The completion percentage hasn’t been there. He’s at 62.3, which is right in line with the 62.5 he hit as a rookie. NFL Next Gen Stats charted him at a league-worst 10.2 points below his expected completion percentage, which is based on receiver separation and other factors.
Williams was under pressure nonstop in the Bears’ recent win over the Raiders and completed just 59.5% of his passes, though he appeared to figure out the pass rush as he went and rebounded from a 2-for-7 start to complete 20 of 30 the rest of the game.
That points to another area where he needs to make strides: steadiness. The Bears seem to be getting two totally different versions of Williams over the course of a game. He was hot at the start against the Vikings, then ice cold as the game slipped away.
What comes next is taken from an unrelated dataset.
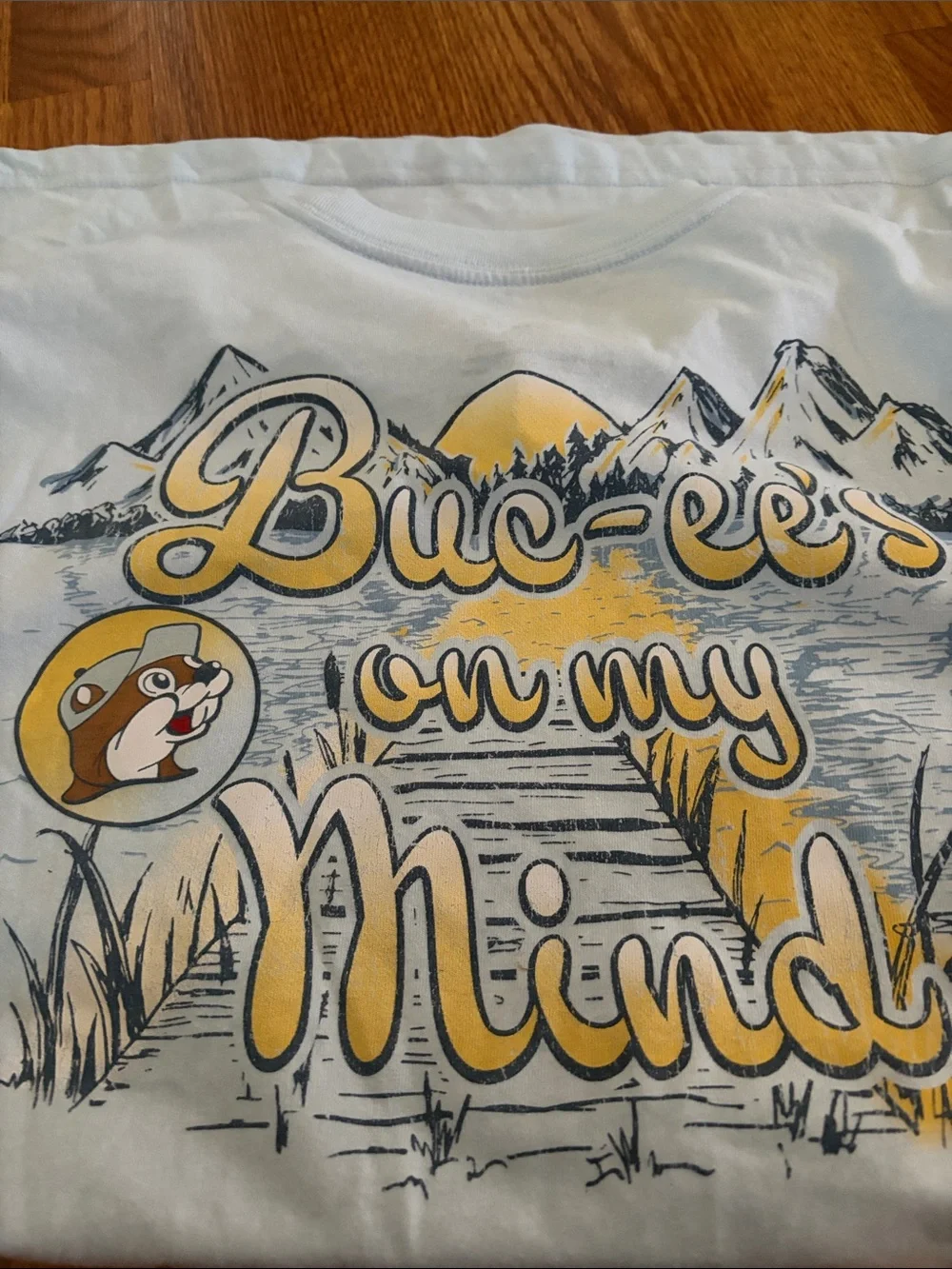 Buc-ee's Women's White Short-Sleeve Graphic Tee - Yellow Accent - Picture 1 of 6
It was the opposite in Las Vegas.
While it’s great that Williams already has shown a knack for making plays with the game on the line, fewer games will go down to the wire if he plays more evenly. His career quarter-by-quarter passer rating fluctuates from 82.7 in the third to 96.1 in the fourth.
Patrick Mahomes, for example, has quarter splits within a 6.5 differential. He’s fairly predictable for his coaches. He is in his ninth season and already has a Hall of Fame-worthy career, but it’s an important comparison because Williams is trying to get to where Mahomes already stands.
It’ll also be big for Williams to lead Bears to wins, as he helped do in Las Vegas.
That will be difficult if the team can’t fix some of its biggest problems right now: a sputtering running game, uncertainty at left tackle and a vulnerable defense.
If those issues persist, it’s asking a lot of Williams to overcome them on a regular basis. But that’s part of the job. Great quarterbacks improvise under duress and rise above adverse circumstances.
If the Bears keep giving up 29 points per game, they need Williams to get them to 30. If left tackle is going to be a liability, they need Williams to adapt. If the running game never really gets going, they need him to be reliable as a high-volume passer.
It’s a high bar, but it should be.
General manager Ryan Poles bet his job security on taking Williams over Daniels. Johnson jumped at the head-coaching vacancy in large part because he envisioned a long-term future with Williams. By the time Williams is up for a contract extension, the going rate for quarterbacks could top $70 million per season.
With that kind of investment, everyone needs to be sure of what Williams is. This is his time to convince them.